## Dataset excerpts
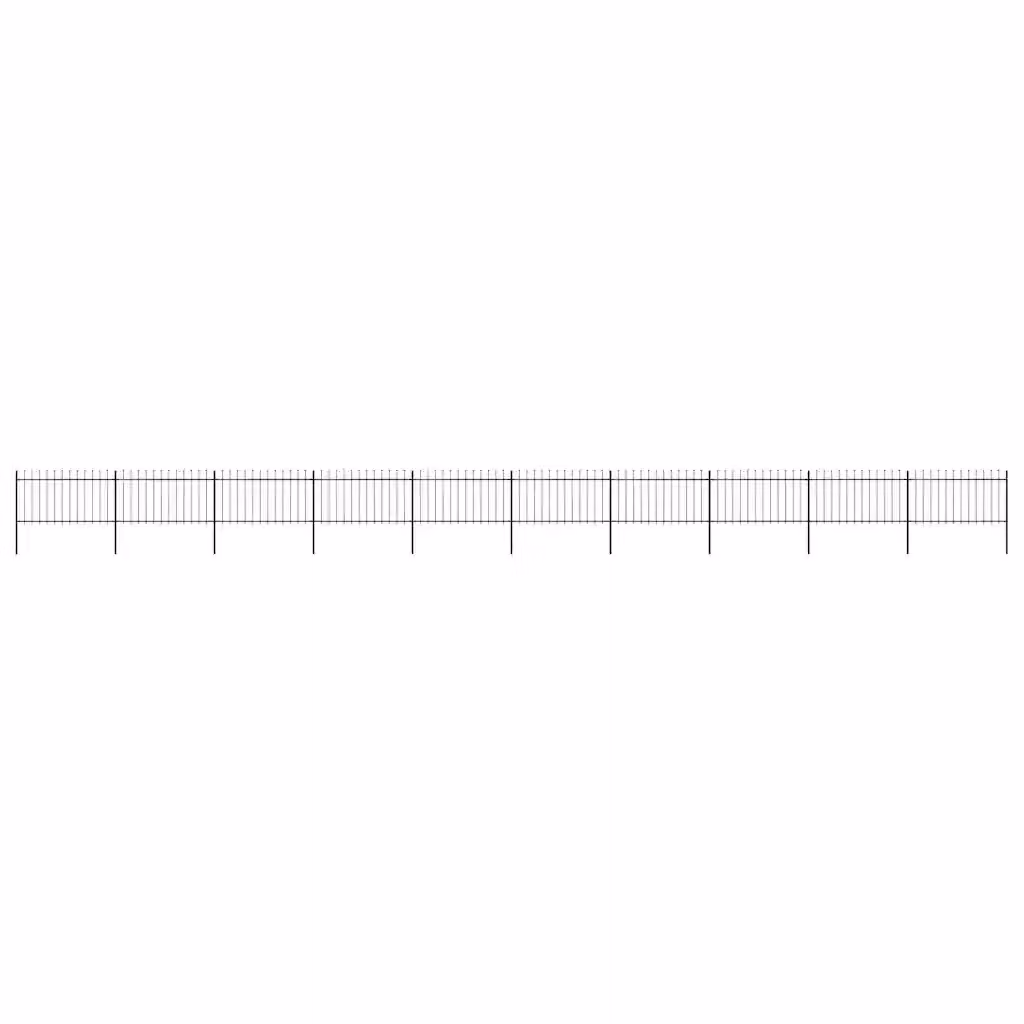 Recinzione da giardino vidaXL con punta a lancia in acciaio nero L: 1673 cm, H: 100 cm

---

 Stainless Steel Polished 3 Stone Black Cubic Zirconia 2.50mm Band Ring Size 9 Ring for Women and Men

---

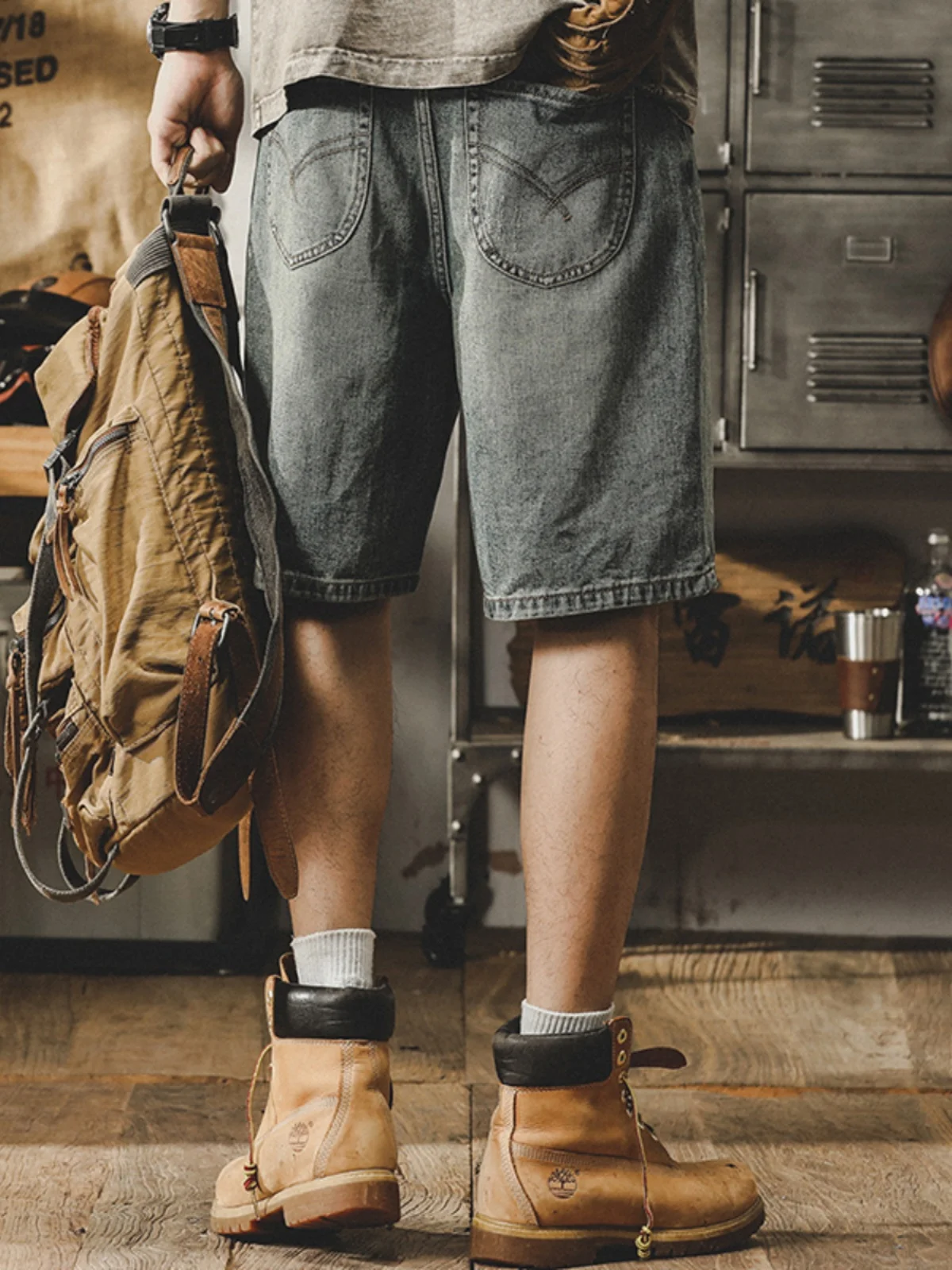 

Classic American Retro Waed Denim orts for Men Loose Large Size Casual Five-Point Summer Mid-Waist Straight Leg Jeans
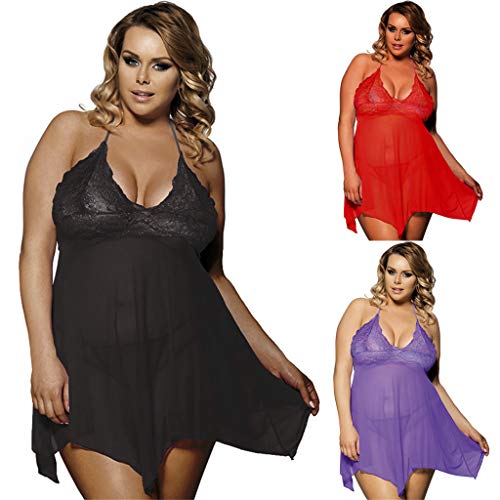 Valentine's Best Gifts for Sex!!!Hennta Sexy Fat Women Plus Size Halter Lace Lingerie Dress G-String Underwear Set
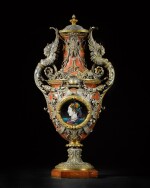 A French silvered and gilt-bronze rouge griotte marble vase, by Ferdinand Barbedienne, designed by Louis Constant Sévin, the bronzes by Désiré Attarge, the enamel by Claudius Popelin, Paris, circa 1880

## Exercise brief
Above are some records; extract exactly the lines from the one containing "Classic American Retro" through the one containing "A French silvered" and drop the pictures.

## Problem solution
Classic American Retro Waed Denim orts for Men Loose Large Size Casual Five-Point Summer Mid-Waist Straight Leg Jeans
 Valentine's Best Gifts for Sex!!!Hennta Sexy Fat Women Plus Size Halter Lace Lingerie Dress G-String Underwear Set
 A French silvered and gilt-bronze rouge griotte marble vase, by Ferdinand Barbedienne, designed by Louis Constant Sévin, the bronzes by Désiré Attarge, the enamel by Claudius Popelin, Paris, circa 1880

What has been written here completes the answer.